Nthing that Ryanair are good if you watch the T&C and the actual travel time from their often-distant airports to the cities they are supposedly in and the baggage. Last time I checked, they charged you for a single checked bag, twice as much if you haven't booked it in advance, and are quite mercenary if your bag is a single kilo over the limit (or your carry-on is an inch too big). I don't know specifically about the respective Rome & Prague airports but I believe easyJet go to both and are generally a friendlier budget airline (one checked bag free, better airports). And they operate out of London-Gatwick (in addition to Stanstead and Luton) where a lot of flights from the US land.
posted by K.P. at 4:37 PM on February 23, 2011


If you keep your eye on the FlyerTalk Mileage Run Deals forum and are flexible with your dates and routes, you can get extremely good fares into Europe, then take another short hop to Prague. Unfortunately being in Denver means you'll probably have to fly to a larger hub (Los Angeles, San Francisco, Chicago, NYC) to get a good deal.

For example, a recent sale on LOT (the national airline of Poland) had flights from NYC to Warsaw for $393 all-in.
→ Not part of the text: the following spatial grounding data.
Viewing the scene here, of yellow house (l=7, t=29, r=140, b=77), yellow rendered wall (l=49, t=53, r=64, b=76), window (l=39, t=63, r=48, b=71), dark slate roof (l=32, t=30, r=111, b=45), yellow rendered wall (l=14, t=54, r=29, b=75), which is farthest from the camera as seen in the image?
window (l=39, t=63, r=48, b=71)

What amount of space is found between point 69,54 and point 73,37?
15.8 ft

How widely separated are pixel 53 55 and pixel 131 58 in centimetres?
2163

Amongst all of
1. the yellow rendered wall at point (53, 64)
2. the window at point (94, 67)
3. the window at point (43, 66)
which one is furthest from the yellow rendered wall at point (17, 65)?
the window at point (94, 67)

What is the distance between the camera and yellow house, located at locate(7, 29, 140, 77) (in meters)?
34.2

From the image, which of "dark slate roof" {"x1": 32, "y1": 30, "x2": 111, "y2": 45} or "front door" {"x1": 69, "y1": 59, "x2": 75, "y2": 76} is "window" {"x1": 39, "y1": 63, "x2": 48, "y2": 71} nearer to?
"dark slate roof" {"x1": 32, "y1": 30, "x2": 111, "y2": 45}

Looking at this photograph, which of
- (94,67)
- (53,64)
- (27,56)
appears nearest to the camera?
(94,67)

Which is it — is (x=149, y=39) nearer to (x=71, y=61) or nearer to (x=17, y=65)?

NYC to Copenhagen on several carriers was $410 all-in. (Both round trip airfares, of course.)

You may need to wait a bit longer until good fares appear, though, so keep an eye on Kayak, Vayama, etc.
posted by armage at 4:58 PM on February 23, 2011


My vote would be to probably plan on hopping into London, Frankfurt, Paris, or Amsterdam (especially if you can get a nonstop from denver to there!); any one of those airports have enough competition that there are only mildly usurious fares to them. Likewise, there are a number of discount carriers to choose from for your next hops.
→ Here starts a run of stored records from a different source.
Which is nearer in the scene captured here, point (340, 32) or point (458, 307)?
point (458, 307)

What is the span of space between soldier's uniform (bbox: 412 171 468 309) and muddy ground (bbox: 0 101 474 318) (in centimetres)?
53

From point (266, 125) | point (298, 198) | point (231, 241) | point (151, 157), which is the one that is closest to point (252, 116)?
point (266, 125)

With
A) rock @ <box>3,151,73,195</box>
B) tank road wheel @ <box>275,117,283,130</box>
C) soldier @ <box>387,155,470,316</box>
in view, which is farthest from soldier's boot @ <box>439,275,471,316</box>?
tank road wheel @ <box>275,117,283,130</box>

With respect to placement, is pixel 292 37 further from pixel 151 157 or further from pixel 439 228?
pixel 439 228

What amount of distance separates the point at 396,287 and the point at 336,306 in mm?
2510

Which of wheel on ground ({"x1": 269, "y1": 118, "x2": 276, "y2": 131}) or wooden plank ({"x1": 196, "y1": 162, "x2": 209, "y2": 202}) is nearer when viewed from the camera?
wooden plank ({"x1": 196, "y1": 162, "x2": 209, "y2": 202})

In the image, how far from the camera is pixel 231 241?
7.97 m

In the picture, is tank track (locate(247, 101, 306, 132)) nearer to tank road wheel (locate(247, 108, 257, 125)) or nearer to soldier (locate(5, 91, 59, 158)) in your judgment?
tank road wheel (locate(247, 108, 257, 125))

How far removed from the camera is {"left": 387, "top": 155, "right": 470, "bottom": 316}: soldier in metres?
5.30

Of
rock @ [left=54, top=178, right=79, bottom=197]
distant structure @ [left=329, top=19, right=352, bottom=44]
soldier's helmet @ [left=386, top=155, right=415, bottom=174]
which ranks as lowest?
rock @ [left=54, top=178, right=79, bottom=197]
Many of the non-Ryanair carriers might not be as cheap on paper, but tend to include a checked bag, fly into the city them claim to, etc. The nickel-and-diming-to-death of Ryanair is legendary.


Also, pretty good odds that some airports in the US are going to get you more competitive fares than others -- the farther east or north you can get (seattle, or new york being prime candidates), the more staggering some of the deals can be, including airlines that just don't fly to denver.

I think the main thing to consider is that if you only have two weeks, time might be more valuable than money -- if you're saving a few bucks, and killing another day in the air or on the train, that's a tradeoff that you have to evaluate.
posted by ivan ivanych samovar at 5:35 PM on February 23, 2011


I'm doing Paris for less than $400 RT next month - it can be done. (Although that was really lucky.) I got a great deal on AA. If you fly to a big city (Paris, London), as above, you can fly a discount European airline around. I think AA releases fare deals on Tuesdays, but am not positive.
posted by quadrilaterals at 6:54 PM on February 23, 2011


Although RyanAir is a good recommendation in general, for specifically from London to Prague I would second halogen's mention of WizzAir.

Everyone here is giving good advice. Sites like Kayak don't include the discount carriers. The cheapest way to get from the US to Europe is to find a hub-to-hub flight and then get to/from each one using either discount airlines/train/bus/whatever. In Europe, the well known hubs are London, Paris, Frankfurt. In the US, the hubs are cities like LAX, San Francisco, Chicago, NYC.

Your timing is actually not as flexible as you think. The summer is usually the high season because thats when everyone wants to go to Europe. If you can go in May or September that should lower your rate a bit too.
posted by vacapinta at 2:11 AM on February 24, 2011


Keep in mind that baggage allowances are much lower on intra-European flights than they are on flights to and from the US, so if you fly to London or Frankfurt and then switch to a European carrier, you may have to pay more for baggage. For a trip of only 2 weeks I'd advise traveling carryon anyway, but if you need checked luggage, pay attention to the limits and fees.

I paid $1250 last summer for a round-trip ticket from Boston to London, and $1000 this past December for a round trip from Boston to Amsterdam. $1500 doesn't seem unreasonable for Denver to Prague.